NSA collection of American's phone records reauthorized with Obama support
For the first time since the White House formally pledged to stop the National Security Agency from collecting Americans' phone records in bulk, the NSA has received permission to keep doing it a little longer.
In a joint statement released Friday evening, the U.S. Department of Justice (DOJ) and the Office of the Director of National Intelligence (ODNI) said the Foreign Intelligence Surveillance Court (FISC) has renewed the NSA's authority to collect Americans' phone record for another 90-day period.
FISC's previous authoriziation expired Friday.
For years, it's been standard procedure for the U.S.'s secretive FISA Court to order American phone companies to turn over their customers' call records to the NSA, a process repeated every three months. That stayed hidden from the public until June 2013, however, when the very first of former NSA systems analyst Edward Snowden's leaked classified documents, an order for Verizon to give its daily records to the NSA, was made public.
Acquiring phone records—or metadata collection, as it's known—under Section 501 of the Foreign Intelligence Surveillance Act quickly became one of the most visible symbols of an NSA seen by many as too invasive.
The first bill introduced in Congress to address Snowden's leaks was an appropriations amendment that would defund the program. The House recently passed the USA Freedom Act, designed to reign in several programs, including that one, but privacy advocates say it's been too watered down with amendments to effectively change the NSA.
In Friday's announcement of the declassified decision to reauthorize NSA metadata collection, the DOJ and ODNI said the USA Freedom Act "would provide the public greater confidence in our programs and the checks and balances in the system, while ensuring our intelligence and law enforcement professionals have the authorities they need to protect the nation."
"The Administration strongly supports the USA Freedom Act," the statment continues. "We urge the Senate to swiftly consider it, and remain ready to work with Congress to clarify that the bill prohibits bulk collection as noted above, as necessary."

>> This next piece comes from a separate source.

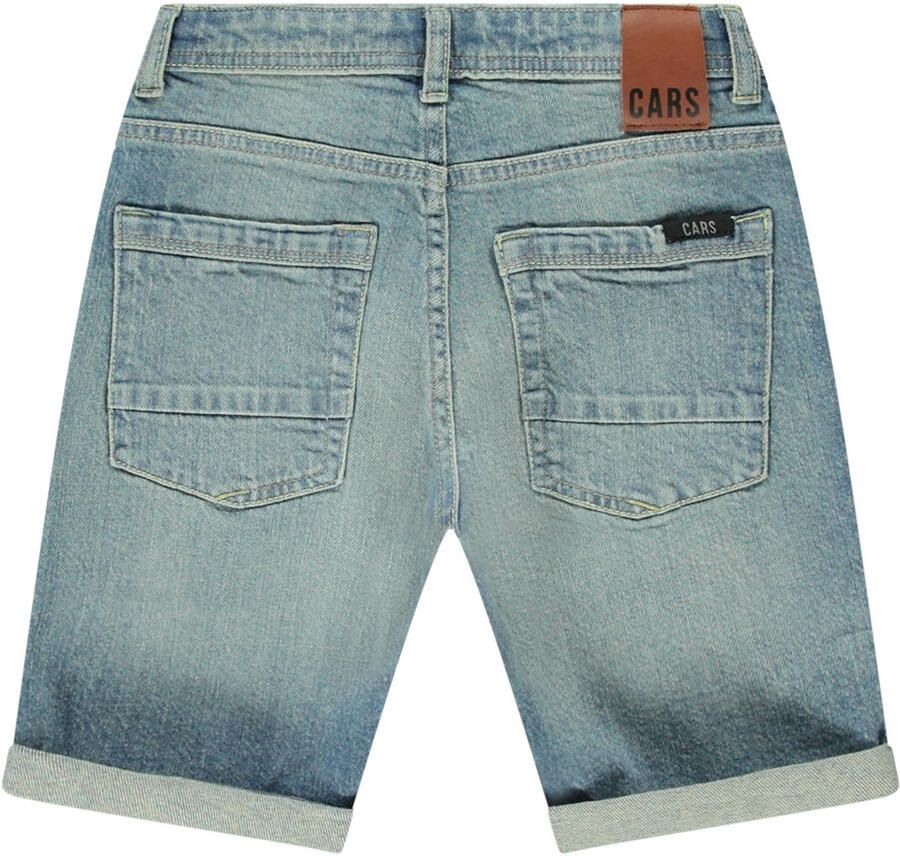 Cars denim regular waist short stonewashed - Foto 2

After enough public outcry about the metadata collection program, the White House announced in March that it would soon put an end to it—though it was clear it hadn't yet figured out the details on how exactly that would happen.
Privacy groups had made the call, however unlikely, for the White House to put a stop to the quarterly renewal. The metadata collection program "has gone on for too long, despite its serious implications for human rights," Amie Stepanovich, Senior Policy Counsel at Access, said in a statement. "President Obama, having expressed his commitment to reforming U.S. surveillance programs, must seize this opportunity to demonstrate strong moral leadership and deliver on Executive Branch promises."
They'll likely have better luck with the USA Freedom Act getting patched back up. Access, along with the Electronic Frontier Foundation, American Civil Liberties Union, and dozens of other advocacy organizations, has called for the Senate to repair what they can in that bill, including ending bulk phone record collection.
The NSA's current authority to collect Americans' phone records will expire on Sept. 12, 2014.